For correspondence HMRC was more accessible. I could email with a real person that had a name, which was a relief compared to Eurostat. I started by asking a few basic questions, however, as the conversation progressed I sensed my contact was aware the numbers didn’t add up. Presumably I wasn’t the only one ringing the bell.
Meanwhile: one day I was looking at UK gold trade from February 2011 that showed 505 tonnes of gross export (reported by HMRC):
The next day it showed 421 Kg:
In these screen shots you can see I was filtering commodities by HS code 71081310 and 71081380, because in 2013 most UK exports to Switzerland (London Good Delivery bars from GLD and other LBMA vaults) were declared under 71081310. The official description of 71081310 is: “Bars, rods, wire and sections, plates, sheets and strips of a thickness, excl. any backing, of > 0,15 mm, of gold, incl. gold plated with platinum”. The next screen shot is UK gold trade with Switzerland in May 2013 reported by HMRC:
Through all this confusion I was concerned if anyone ever could get the correct numbers on historic UK gold trade. A week ago I decided to write HMRC an email in which I layed out all inconsistencies I had found. They replied:
Please see the following link which explains the change in tonnage which was made earlier this year.

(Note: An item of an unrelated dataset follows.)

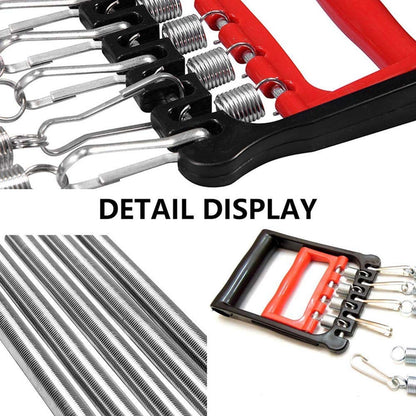Close-up view of the chest expander's metal and spring construction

A large proportion of trade under CN8 71081310 on the Comext Database had a country level suppression applied to it for the period 2005 to 2011. This suppressed trade would not have appeared under a country breakdown but would be part of the EU or Non-EU total. This suppression has been removed on data published on UKtradeinfo.com; and Eurostat are in the process of applying these changes to Comext. HMRC has also just undertaken a historic revisions process to amend historical inaccuracies of significance to published trade data. Some of these amendments related to an over statement of the net mass of Gold (the Comext database is again currently being updated to reflect this). See link
The UK has worked with Eurostat colleagues over the last few years back to try and ensure that UK gold data is of a high quality. This was undertaken at considerable effort and resource. The UK has one of the major gold bullion exchanges (London Bullion exchange) in the world, and has considerably more gold trade than other EU Member States, and it takes a considerable resource to check and assure this volume of trade. As you can appreciate, having more than a total of 100m trade declarations in the UK per year to quality assure and check is a mammoth undertaking, especially with over 9,500 different commodities. However, through advanced IT systems and risk profiling, we are able to maximise the resources available to deliver a high quality trade in goods product. On occasion however, and this is true for all Member States, it is inevitable there may be inaccuracies in the data when held to detailed scrutiny.
That explains all. If you click the top link you’ll see that primarily gold tonnage, but also the value of other commodities had been previously disclosed incorrect by HMRC and Eurostat. Last time I checked at Eurostat I noticed they haven’t completely adjusted their numbers. In the next screenshot we can see Eurostat deleted all UK gold trade from August and September 2008 – for the time being.
If Eurostat has altered all the incorrect numbers as well and the dust has settled, I will resume analyzing historic UK gold trade data. Perhaps then we can make a fair estimate about how much gold there is left in the London vaults.